Yes. Use a binary tree.

BW-userx · 09-05-2017, 05:49 PM

Quote:

Originally Posted by astrogeek

Seriously? I see lots of helpful links on google and DDG.

As you have been asked before, please do your own basic research before posting questions.

Seriously, no I was lying.

I did as posted I did.
What key words did as you use?

BW-userx · 09-05-2017, 05:51 PM

Quote:

Originally Posted by dugan

Yes. Use a binary tree.

http://www.geeksforgeeks.org/binary-...ata-structure/

book marked.

thanks

astrogeek · 09-06-2017, 03:57 AM

Quote:

Originally Posted by BW-userx

Seriously, no I was lying.

I did as posted I did.
What key words did as you use?

The search terms I used are visible in the links I provided for those who will follow them.

But what is actually relevant is, what searches have you done and what have you found and tried before posting. But once more you did not include that relevant information in your post

As I have asked repeatedly, please end this pattern of asking others to perform your basic work for you, or please consider findling help elsewhere, per the LQ posting guidelines to which I again refer you.

pan64 · 09-06-2017, 04:42 AM

do you want to speed up file loading or sorting or both? Do you want to sort by filename, by size or by content or what?
If you sort by names you do not need to load those files into memory at all. How big is that 596,221 files altogether? Will that fit into RAM at all?
You gave almost no any information in your original post...

jamison20000e · 09-06-2017, 07:23 AM

My SSD partitions have realtime enabled so I can use, eg: sudo systemmonitor to give even misbehaving processes too much power...

and a chillpad.

rtmistler · 09-06-2017, 07:57 AM

Quote:

Originally Posted by BW-userx

I guess this is what one could call a sorted link list.

Quote:

596,221

I got files and it has already been over an hour and a half and it is still loading them into a linked list that is sorting them alphabetically by using strcmp.

Code:

void insertNode(mylist** head, char *filename, int c)
{
  //  printf("Adding: %s\n", filename);

    while (*head && strcmp((*head)->filename, filename) < 0)
        head = &(*head)->next;

    mylist *p = (mylist *) malloc(sizeof *p);
    p->filename = strdup(filename);
    p->listcount = c;
    p->next = *head;
    *head = p;
}

I've googled this question but got nothing, I think it is limited by hardware speed and having to check every file first. I was just wondering if their is a quicker way of doing this.

Quote:

Originally Posted by astrogeek

The search terms I used are visible in the links I provided for those who will follow them.

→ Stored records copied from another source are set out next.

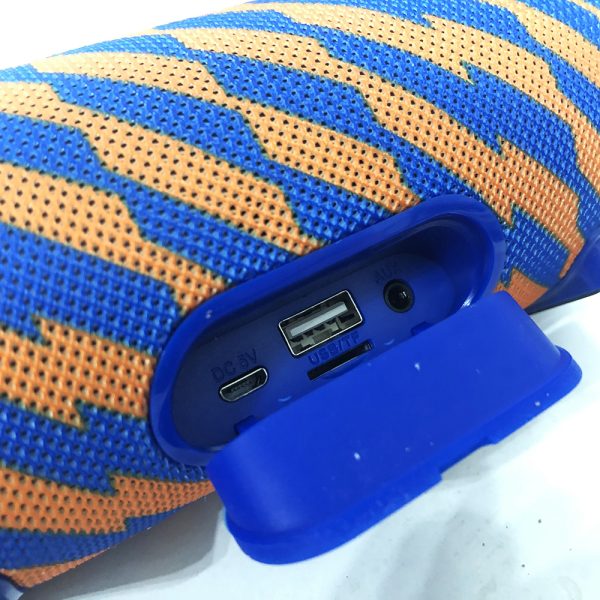 Колонка JBL XERTMT2 Mini (аналог). Цвет: сине-оранжевый — изображение 7
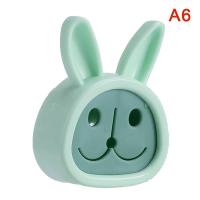 ราคา Clark Carrida ที่แขวนที่วางของราวแขวนผ้าเช็ดตัวรูปกระต่ายอุปกรณ์ห้องครัวห้องน้ำติดกาวสำหรับจัดเก็บผ้าเช็ดตัวและเสื้อผ้าทำความสะอาด (19733053817)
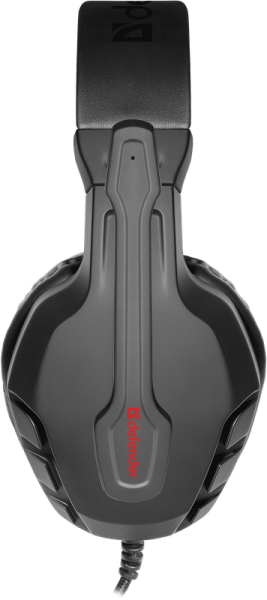 Гарнітура Defender Сujo Black-Red (64505) (6869959) 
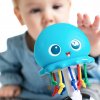 BABY EINSTEIN BABY EINSTEIN Hračka hudební a světelná Ocean Glow Sensory Shaker ™ 0m +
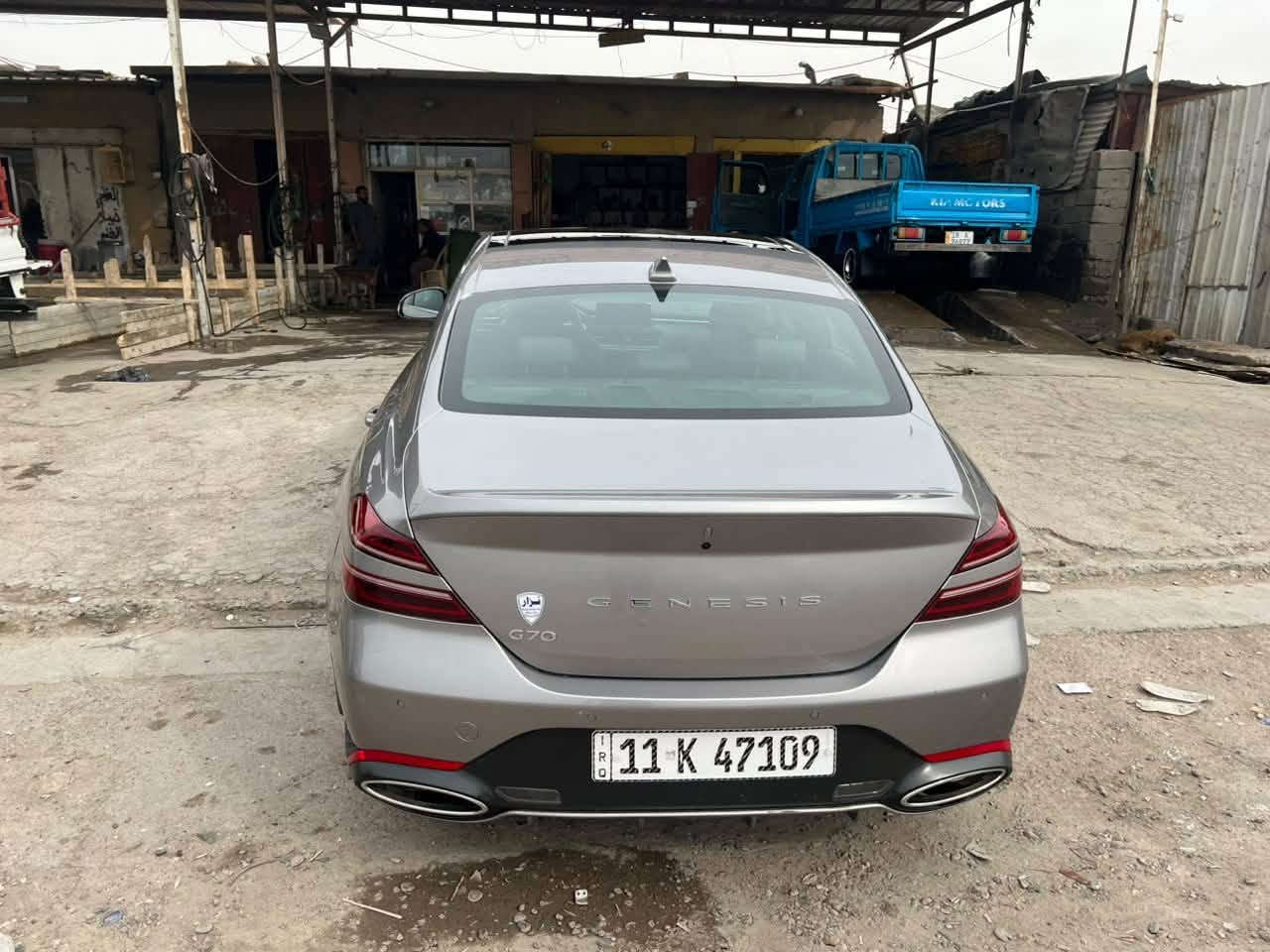 جنيسس G70 • ٢٠٢٥ • رقم بغداد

But what is actually relevant is, what searches have you done and what have you found and tried before posting. But once more you did not include that relevant information in your post

As I have asked repeatedly, please end this pattern of asking others to perform your basic work for you, or please consider findling help elsewhere, per the LQ posting guidelines to which I again refer you.

Quote:

Originally Posted by pan64

do you want to speed up file loading or sorting or both? Do you want to sort by filename, by size or by content or what?
If you sort by names you do not need to load those files into memory at all. How big is that 596,221 files altogether? Will that fit into RAM at all?
You gave almost no any information in your original post...

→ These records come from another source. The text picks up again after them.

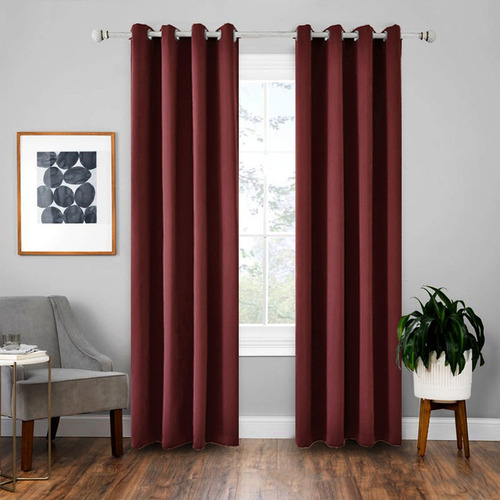 Cortinas Blackout 275cm Ancho X 215cm De Largo En 2 Paneles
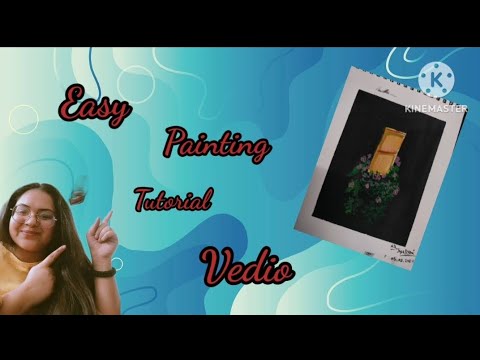 Easy Painting Tutorial For Beginners || Step by Step ️ ️. - YouTube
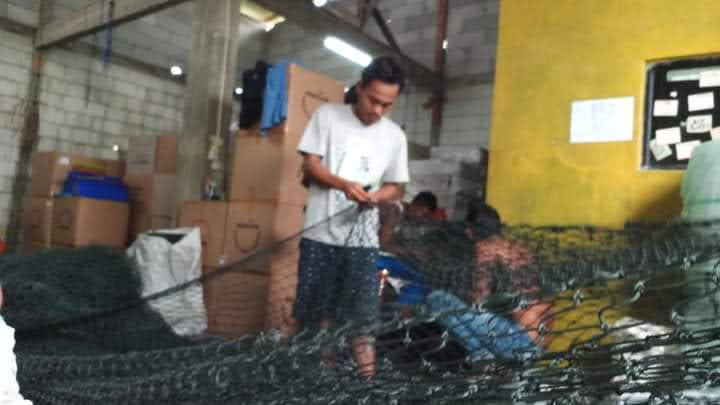 Jaring Pengaman Truk Sampah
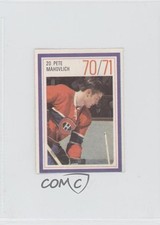 1970-71 Esso Power Players Pete Mahovlich 0f8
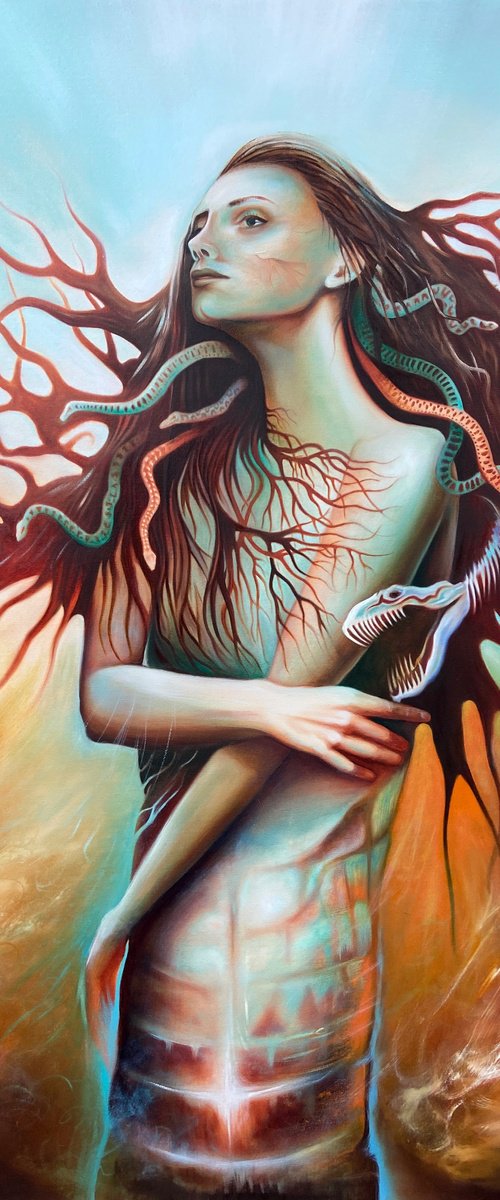 It's Tough Being Strange by Paul Kingsley Squire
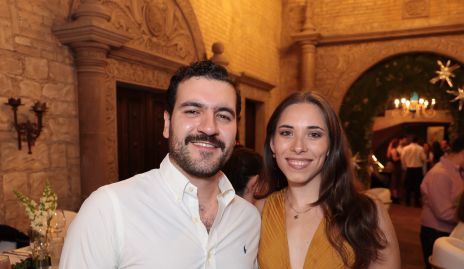  Luis Cifuentes y Majo Liceaga.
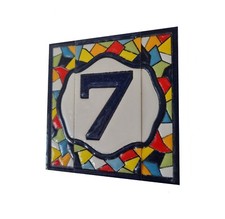 Crazy hand painted - crazy, ceramic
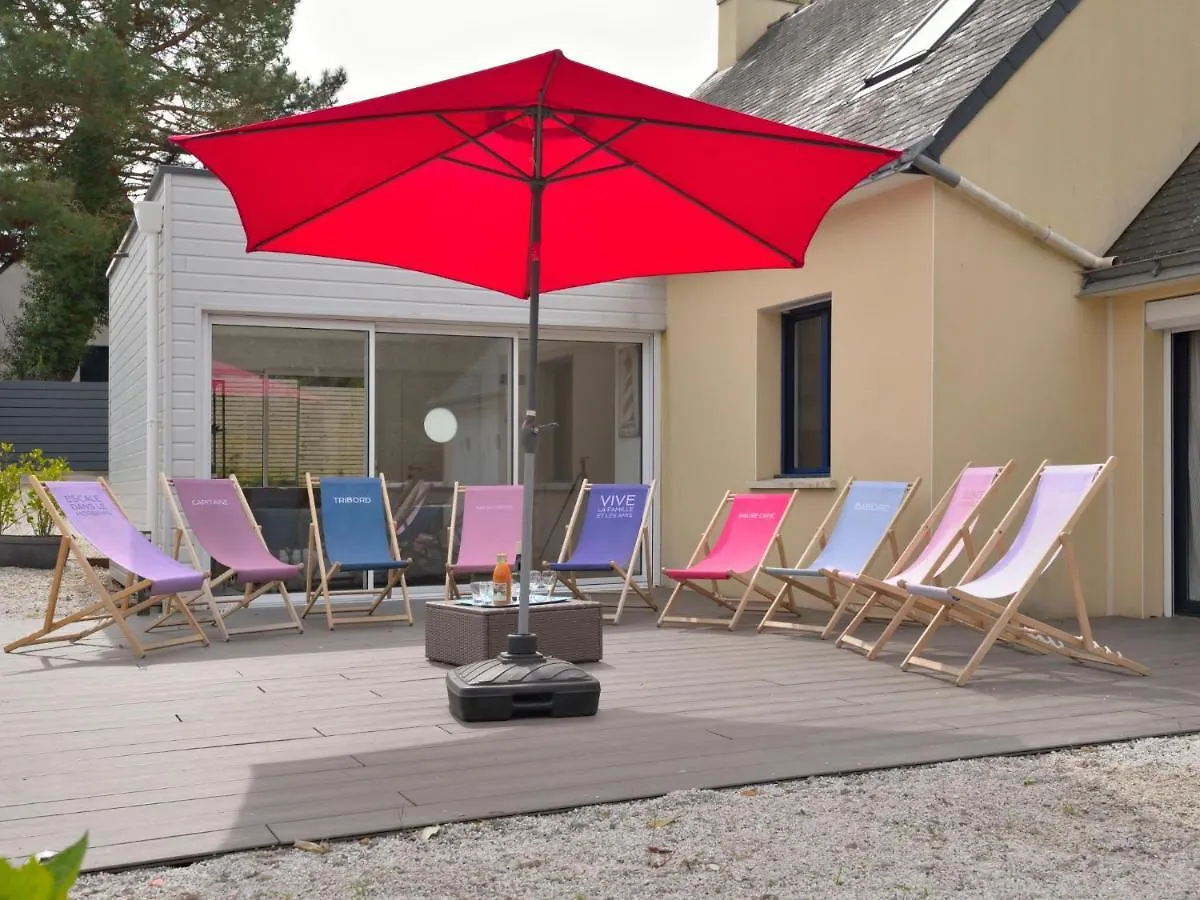 Holiday Home La Pointe De Kerners - Rhu356 By Interhome Arzon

I would suggest that you take a bit of time to consider the feedback of both astrogeek as well as pan64. My thinking is that you have some experience of time with LQ as well as recurrence, due to the high post count. And given that you've started a number of programming threads as of late, and been given feedback that questions are written either confusing, or incomplete, it would seem to make sense that you would put the effort forwards to improve the quality of how you ask.

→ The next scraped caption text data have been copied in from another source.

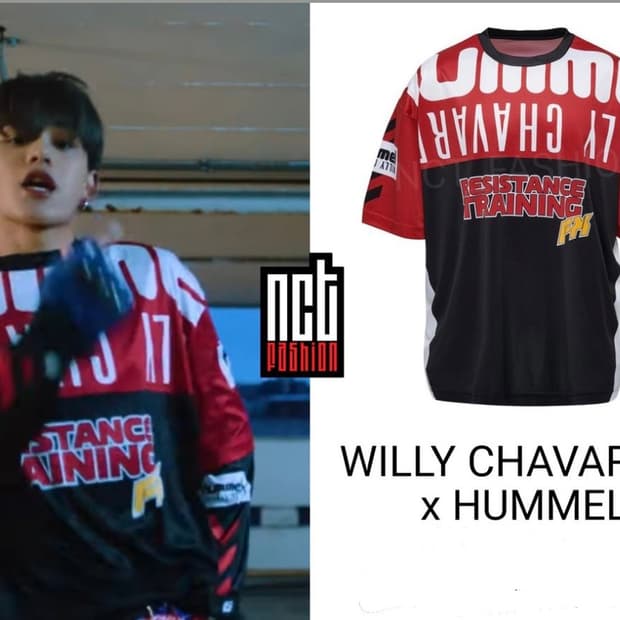 WILLY CHAVARRIA × HUMMEL 티셔츠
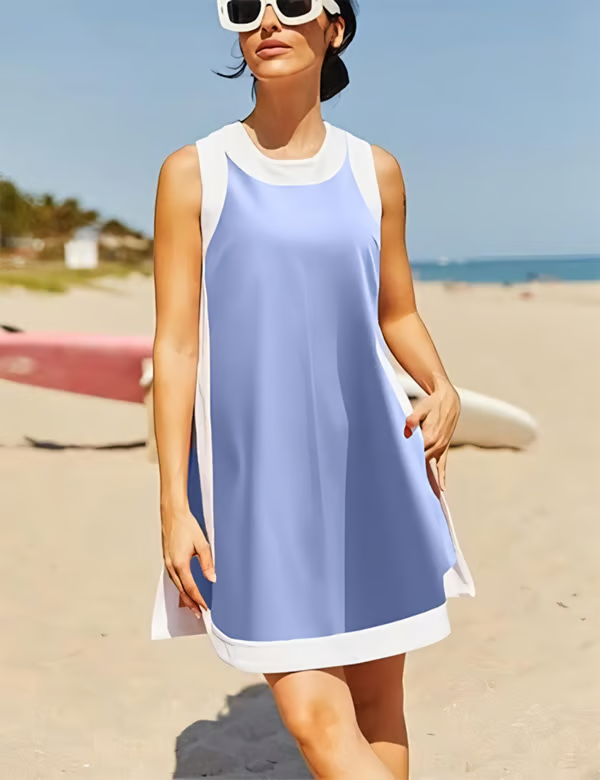 Relaxed Fit Dress for Women - Comfortable Everyday Style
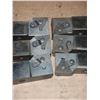 Image 2 : Lot of (6) Lathe Tool Holders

Think of it in the other direction. You, yourself have offered advice to other LQ members. We're happy to offer advice towards your programming questions. We do realize that you are progressing very rapidly, being tenacious with attacking your problems, and working very diligently towards solutions. Perhaps a better tact might be that when you find something you don't understand, is to work more at it, as you obviously are doing, but to not post a LQ thread just yet until you have considered all your options first.

What you are doing is potentially frustrating those who read your threads. First, they see a fast changing thread, and second, they see very unclear, or incomplete information.

Ask yourself how you would react to another member doing this same thing? What Linux talents are you a very accomplished expert at? Say it were regex, and you saw a regex question. But then you went to answer it and found that the OP edited their post, updated it a few times even before you were able to answer their first question. Or say they just put in some regex and said "It doesn't work", meanwhile you're asking "What is your input? What did you originally want it to do?" Sorry to say, but this is a similar position you are placing others into with threads like these.

dugan · 09-06-2017, 08:57 AM

If you want a better answer, then post the following code:

Quote:

Originally Posted by BW-userx

I got files... it is still loading them into a linked list

Post the code that "loads" the "files" (no, your node insert code obviously isn't it)

Quote:

that is sorting them alphabetically by using strcmp.

And also post the code that's sorting them. That wasn't in the snippet you posted either.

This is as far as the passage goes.